Jace sighed. “We’re going to talk to him again, but so far, I see no reason not to.”
“The records are right there in front of you, Bishop.” I pointed at the notebook where Cam had kept fairly meticulous hand-written notes, including names, dates, places, and pictures printed from social media and paper-clipped to the pages. “Yvette is not there.”
“He could have ripped out her page.”
“Why just hers?” Austin’s voice was so calm and steady I marveled at the effort. He’d lost Yvette too, but he didn’t get to be the furious, vengeful one. Over the past week, I’d come to realize that was because he felt almost as obligated to protect Bishop from himself as to avenge Yvette’s murder.
Which kept him on the steady and rational—though no less determined—end of their quest for justice.
“I don’t know why he’d rip out Yvette’s page! Why the hell would he keep such incriminating notes, anyway?” Bishop demanded, clearly frustrated that he had no way to refute our point.
“Because he didn’t think of it as a crime,” Austin explained for at least the third time. Not because Bishop couldn’t understand, but because he didn’t want to. He couldn’t stomach the idea that the bad guy we’d caught might not be the one who’d murdered his wife. That all our effort could offer him no closure. “He considered his ‘work’ to be a medical experiment he was conducting for all of shifter-kind, and he kept notes like an official record. Or as close as he could get, considering his somewhat basic understanding of scientific principles.”
“He wanted to be able to replicate any successes as closely as possible,” I added.
“Which is why you’re the first entry in this book?” Bishop flipped to the front, where my own picture stared out at me, clipped to a page just inside the cover. “It looks like he spent nearly three years trying do what his dad managed.” He tapped the word “success” where it was written in capital red letters at the bottom of my “entry.”

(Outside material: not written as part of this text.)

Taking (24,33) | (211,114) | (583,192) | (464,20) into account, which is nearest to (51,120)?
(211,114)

“Yes, that’s why.” I swallowed the mortifying discomfort I felt at the sight of myself—of my deepest trauma—documented in some psycho’s demented journal, as if I were a lab rat in a cage. “And Yvette’s not in that book,” I repeated.
Personally, I was starting to think he should be grateful for that.
“Then why the living hell is shedead?” He pounded on the table, then flinched at the pain clearly shooting through his shoulder, even after Spencer had removed the bullet and sewed up the wound. And shot him full of antibiotics.
I’d gotten a similar treatment, minus the bullet removal. And it hurt alotmore now than it had an hour ago, since the shock had worn off. As had the painkillers.
“I don’t know. And I’m sorry that I’ve failed you,” I said as I settled onto a chair near their booth.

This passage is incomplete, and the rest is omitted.